TASK TO COMPLETE:
All records below should be repeated exactly, with the pictures left out.

▼

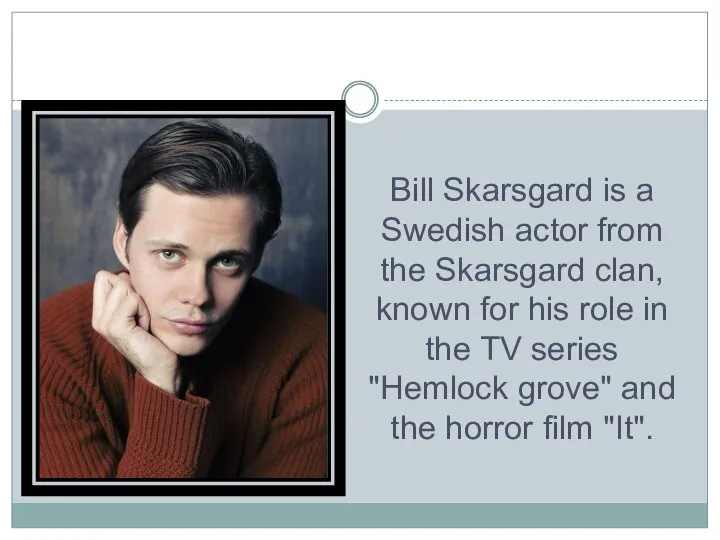 Bill Skarsgard is a Swedish actor from the Skarsgard clan, known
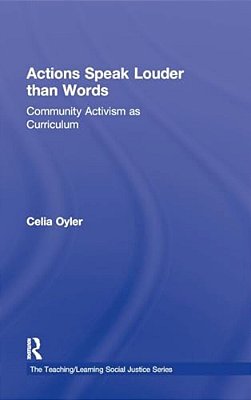 Actions Speak Louder Than Words: Community Activism As Curriculum-..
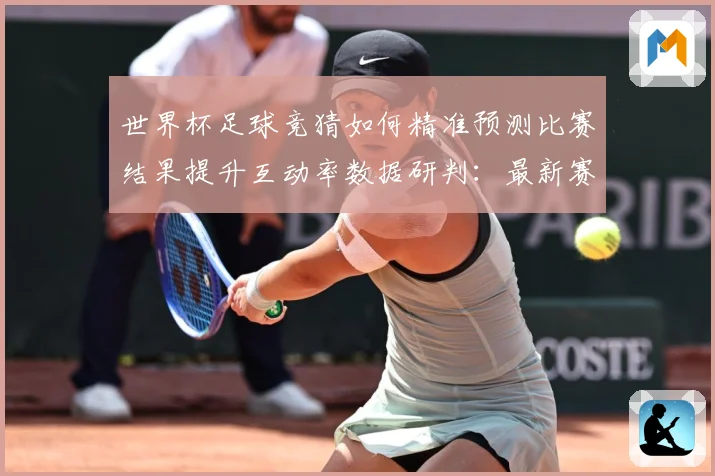 世界杯足球竞猜如何精准预测比赛结果提升互动率数据研判：最新赛事动态与深度分析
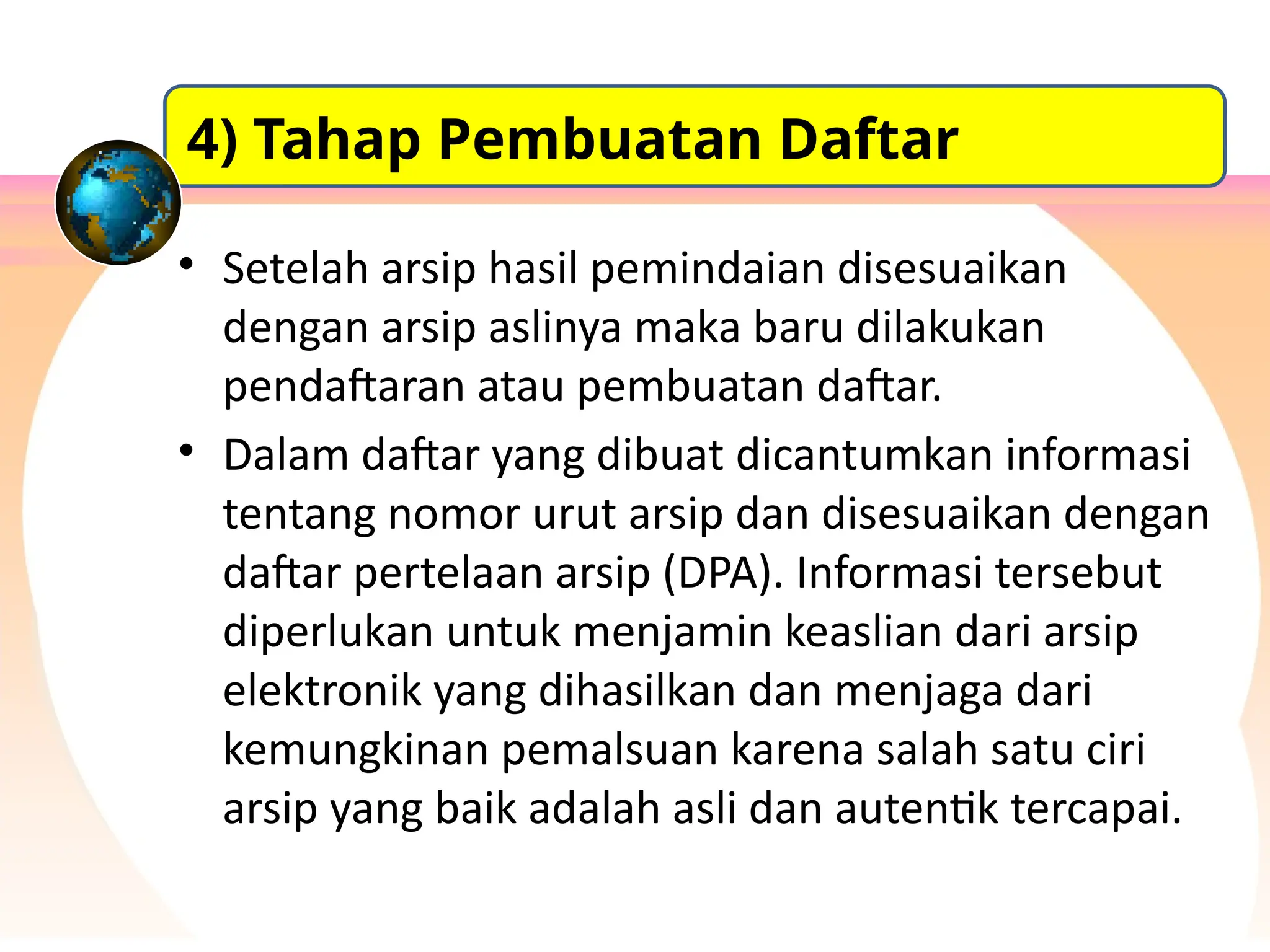 • Setelah arsip hasil pemindaian disesuaikan
dengan arsip aslinya maka baru dilakukan
pendaftaran atau pembuatan daftar.
• Dalam daftar yang dibuat dicantumkan informasi
tentang nomor urut arsip dan disesuaikan dengan
daftar pertelaan arsip (DPA). Informasi tersebut
diperlukan untuk menjamin keaslian dari arsip
elektronik yang dihasilkan dan menjaga dari
kemungkinan pemalsuan karena salah satu ciri
arsip yang baik adalah asli dan autentik tercapai.
4) Tahap Pembuatan Daftar
 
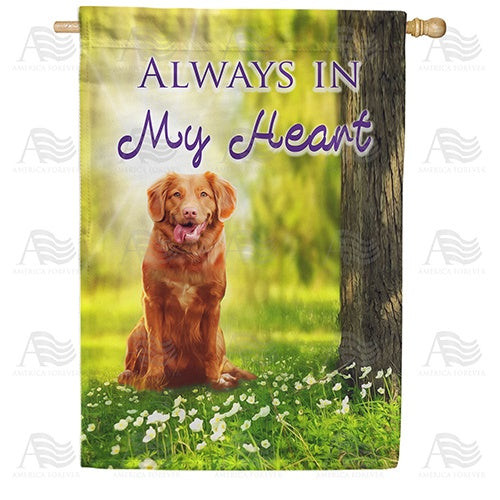 Won't Forget My Faithful Friend House Flag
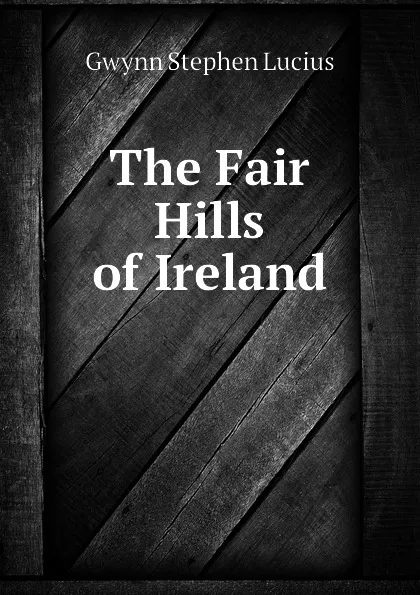 Обложка книги The Fair Hills of Ireland, Gwynn Stephen Lucius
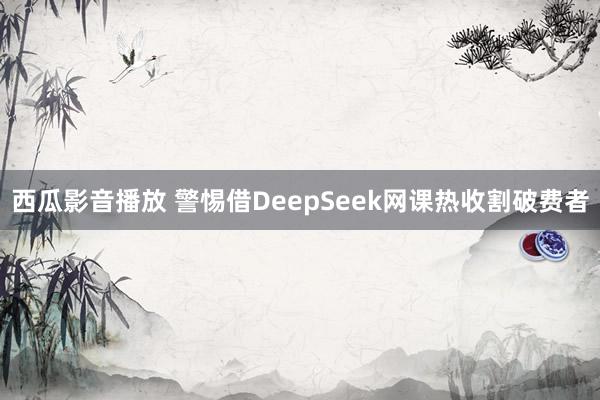 西瓜影音播放 警惕借DeepSeek网课热收割破费者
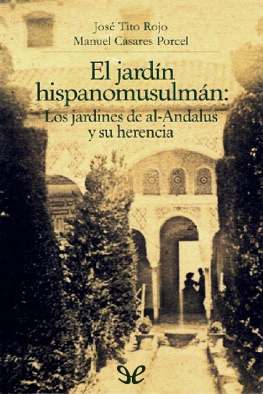 José Tito Rojo - El jardín hispanomusulmán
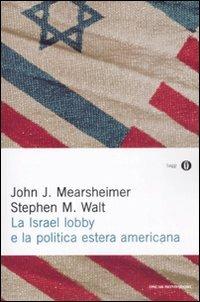 La Israel lobby e la politica estera americana - John J. Mearsheimer, Stephen M. Walt - Libro Mondadori 2009, Oscar saggi | Libraccio.it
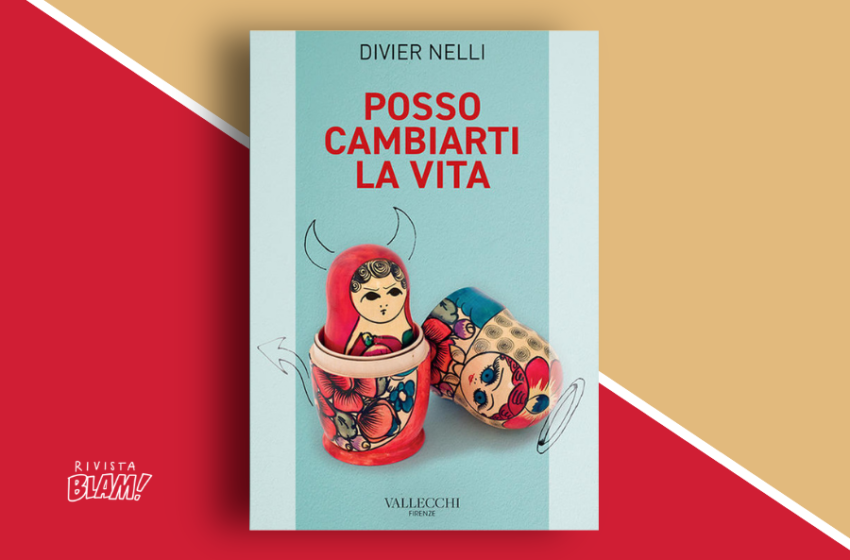  Posso cambiarti la vita di Divier Nelli: un romanzo sul bullismo. Il disagio dietro lo scherno. Recensione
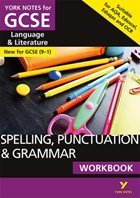 Spelling, Punctuation and Grammar WORKBOOK: York Notes for GCSE (9-1) | Walter, Elizabeth ; Woodford, Kate | 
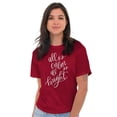 thumbnail image 4 of Cute Christmas All is Calm and Bright Women's Graphic T Shirt Tees Brisco Brands L, 4 of 6
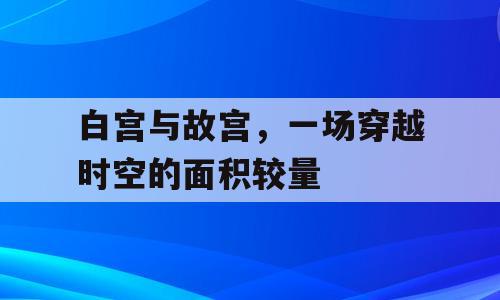白宫与故宫，一场穿越时空的面积较量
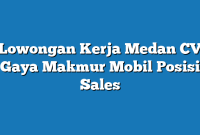 Lowongan Kerja Medan CV Gaya Makmur Mobil Posisi Sales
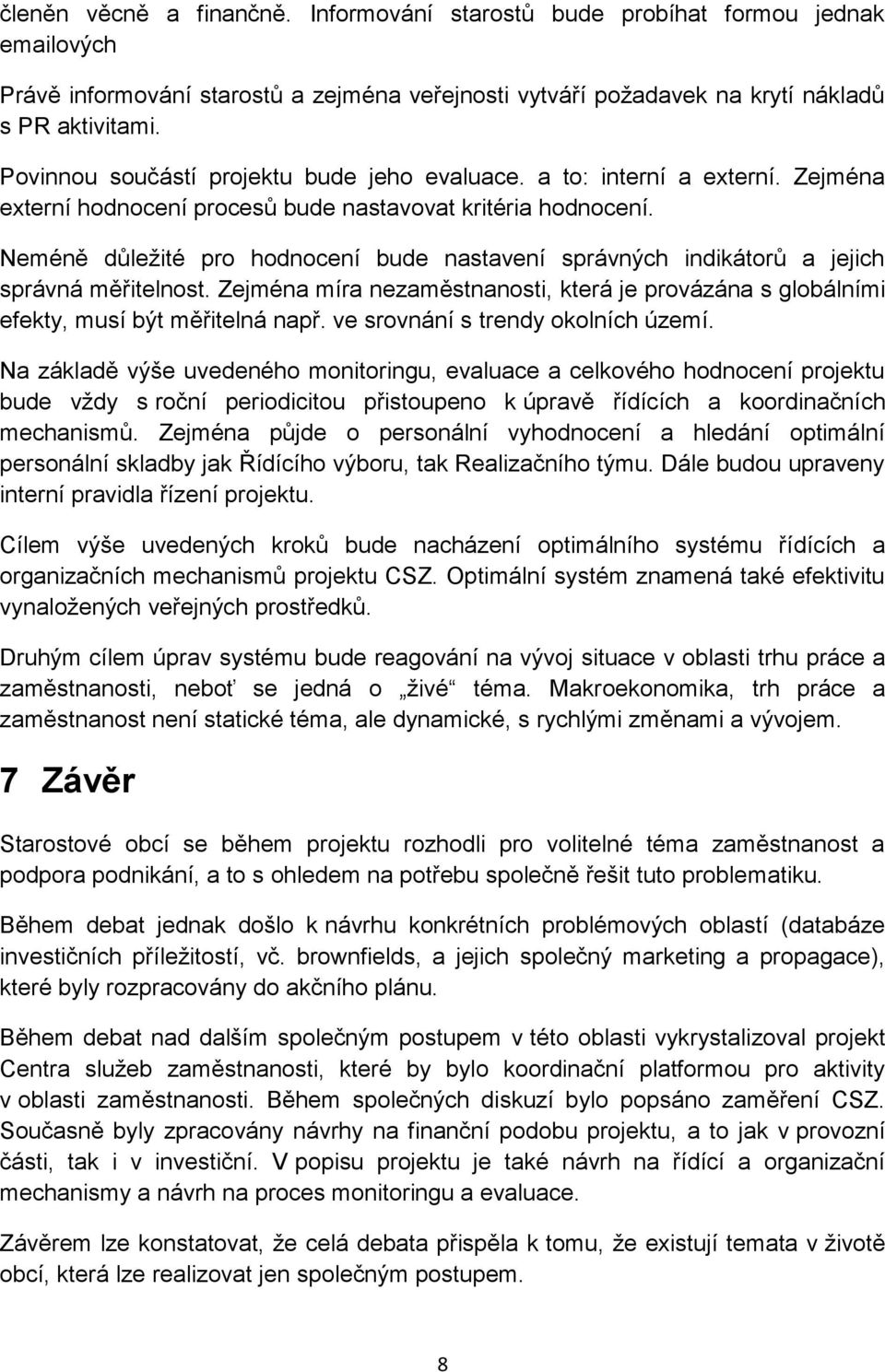 Neméně důležité pro hodnocení bude nastavení správných indikátorů a jejich správná měřitelnost. Zejména míra nezaměstnanosti, která je provázána s globálními efekty, musí být měřitelná např.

▲

EXERCISE SOLUTION:
 Bill Skarsgard is a Swedish actor from the Skarsgard clan, known
 Actions Speak Louder Than Words: Community Activism As Curriculum-..
 世界杯足球竞猜如何精准预测比赛结果提升互动率数据研判：最新赛事动态与深度分析
 • Setelah arsip hasil pemindaian disesuaikan
dengan arsip aslinya maka baru dilakukan
pendaftaran atau pembuatan daftar.
• Dalam daftar yang dibuat dicantumkan informasi
tentang nomor urut arsip dan disesuaikan dengan
daftar pertelaan arsip (DPA). Informasi tersebut
diperlukan untuk menjamin keaslian dari arsip
elektronik yang dihasilkan dan menjaga dari
kemungkinan pemalsuan karena salah satu ciri
arsip yang baik adalah asli dan autentik tercapai.
4) Tahap Pembuatan Daftar
 
 Won't Forget My Faithful Friend House Flag
 Обложка книги The Fair Hills of Ireland, Gwynn Stephen Lucius
 西瓜影音播放 警惕借DeepSeek网课热收割破费者
 José Tito Rojo - El jardín hispanomusulmán
 La Israel lobby e la politica estera americana - John J. Mearsheimer, Stephen M. Walt - Libro Mondadori 2009, Oscar saggi | Libraccio.it
  Posso cambiarti la vita di Divier Nelli: un romanzo sul bullismo. Il disagio dietro lo scherno. Recensione
 Spelling, Punctuation and Grammar WORKBOOK: York Notes for GCSE (9-1) | Walter, Elizabeth ; Woodford, Kate | 
 thumbnail image 4 of Cute Christmas All is Calm and Bright Women's Graphic T Shirt Tees Brisco Brands L, 4 of 6
白宫与故宫，一场穿越时空的面积较量
 Lowongan Kerja Medan CV Gaya Makmur Mobil Posisi Sales
 Neméně důležité pro hodnocení bude nastavení správných indikátorů a jejich správná měřitelnost. Zejména míra nezaměstnanosti, která je provázána s globálními efekty, musí být měřitelná např.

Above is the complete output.